StatefulSetUpdateStrategy: The OnDeleteStatefulSetStrategyType is used instead of RollingUpdateStatefulSetStrategyType. As the RollingUpdateStatefulSetStrategyType is not suitable for the master-slave service, such as MongoDB, Postgres, etc. The graceful update should restart the master first, then the slaves. FireCamp will perform the update according to the service's requirement. FireCamp will track and restart the master container first for the master-slave services.

Note: this is not implemented yet. Currently the service is simply rolling updated.

How to Run FireCamp on the existing kubernetes

Currently FireCamp does not set up Kubernetes on AWS. We will integrate with AWS EKS (Elastic Container Service for Kubernetes) for the deployment once EKS is officially announced.

If you have a Kubernetes cluster in AWS, you could deploy FireCamp following below steps:

1. Add FireCamp IAM permissions to your node.
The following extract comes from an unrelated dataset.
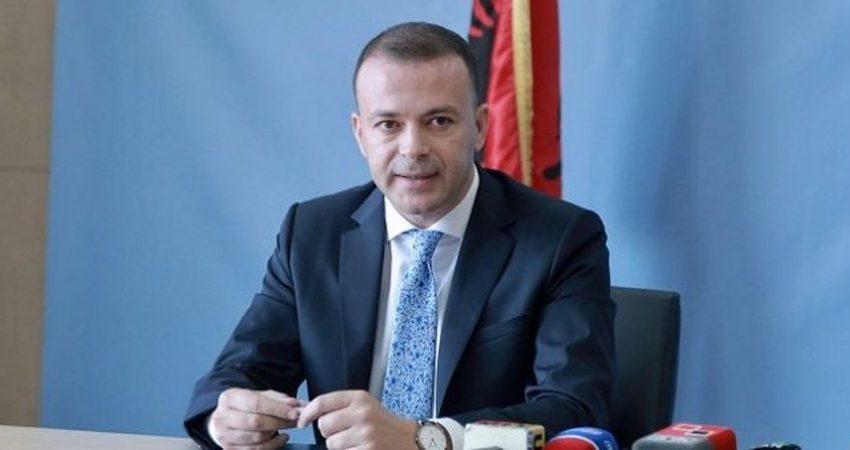  Biznesmeni me miliona euro, bëhet drejtor i Pronave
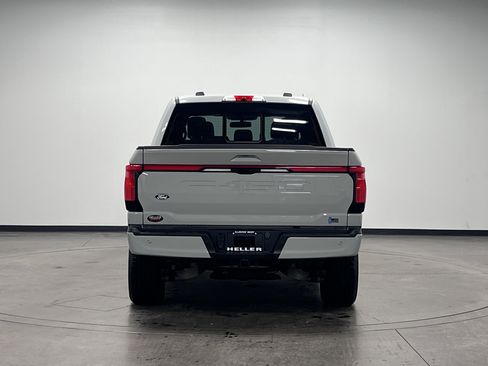 Used 2024 Ford F150 Lightning Lariat image 7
The detail IAM permissions are described in the firecamp-iamprofile.template.

2. Add FireCamp tag to each node, tag key: firecamp-worker, value: clustername.

3. Create the Fluentd DaemonSet to send logs to CloudWatch. Update the AWS_REGION and FIRECAMP_CLUSTER_NAME in fluentd-cw-ds.yaml, and run kubectl create -f fluentd-cw-configmap.yaml and kubectl create -f fluentd-cw-ds.yaml.

4. Create the FireCamp manage service ReplicaSet. Update the AVAILABILITY_ZONES and CLUSTER in manageservice-replicaset.yaml, and run kubectl create -f manageservice-rbac.yaml and kubectl create -f manageservice-replicaset.yaml.

Note: Kubernetes nodes should run in all AVAILABILITY_ZONES. If one Availability Zone does not have the running node, the stateful service will fail to start. The CLUSTER should be set to the same with FIRECAMP_CLUSTER_NAME in fluentd-cw-ds.yaml.

Then you could login to any k8s node, download firecamp cli and create the stateful service.